▶ Task directions
Beneath this line are entries. Copy the range from the line with "A French Art" to the line with "jovem fitness mulher", ends included, exactly; leave pictures out.

▶ Exercise data
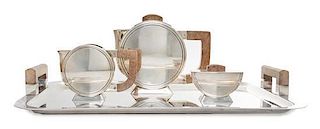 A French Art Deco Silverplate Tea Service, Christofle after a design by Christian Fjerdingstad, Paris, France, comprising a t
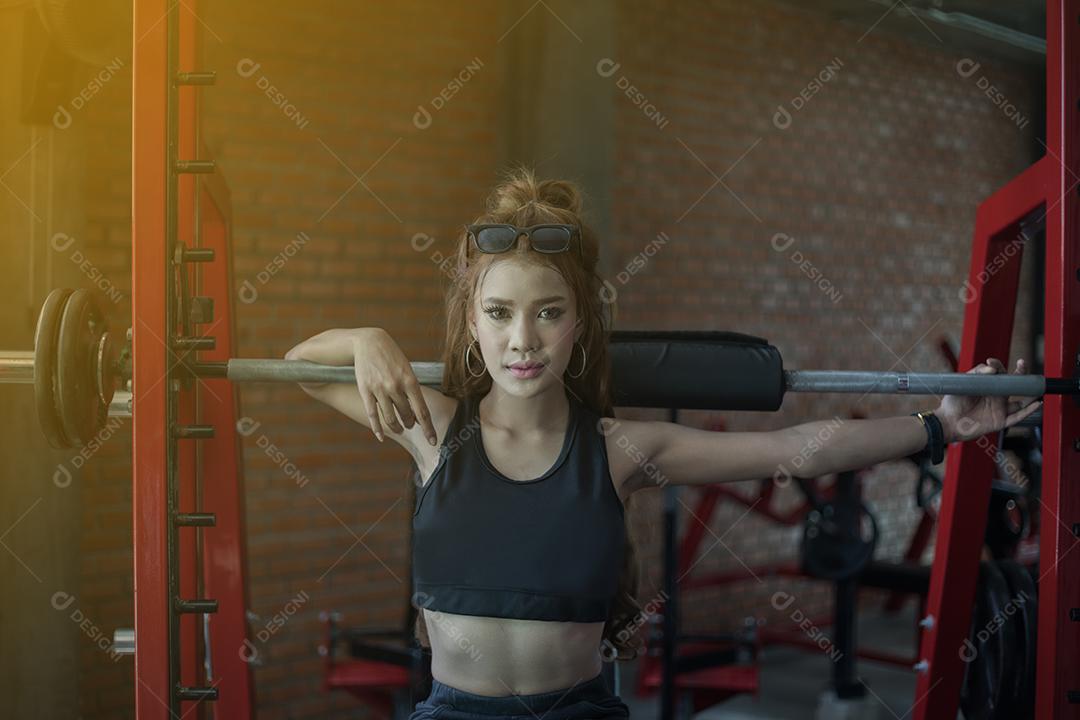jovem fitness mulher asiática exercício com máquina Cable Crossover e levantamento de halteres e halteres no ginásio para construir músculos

...

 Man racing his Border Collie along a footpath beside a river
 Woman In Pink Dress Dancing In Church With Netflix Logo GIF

▶ Exercise response
 A French Art Deco Silverplate Tea Service, Christofle after a design by Christian Fjerdingstad, Paris, France, comprising a t
jovem fitness mulher asiática exercício com máquina Cable Crossover e levantamento de halteres e halteres no ginásio para construir músculos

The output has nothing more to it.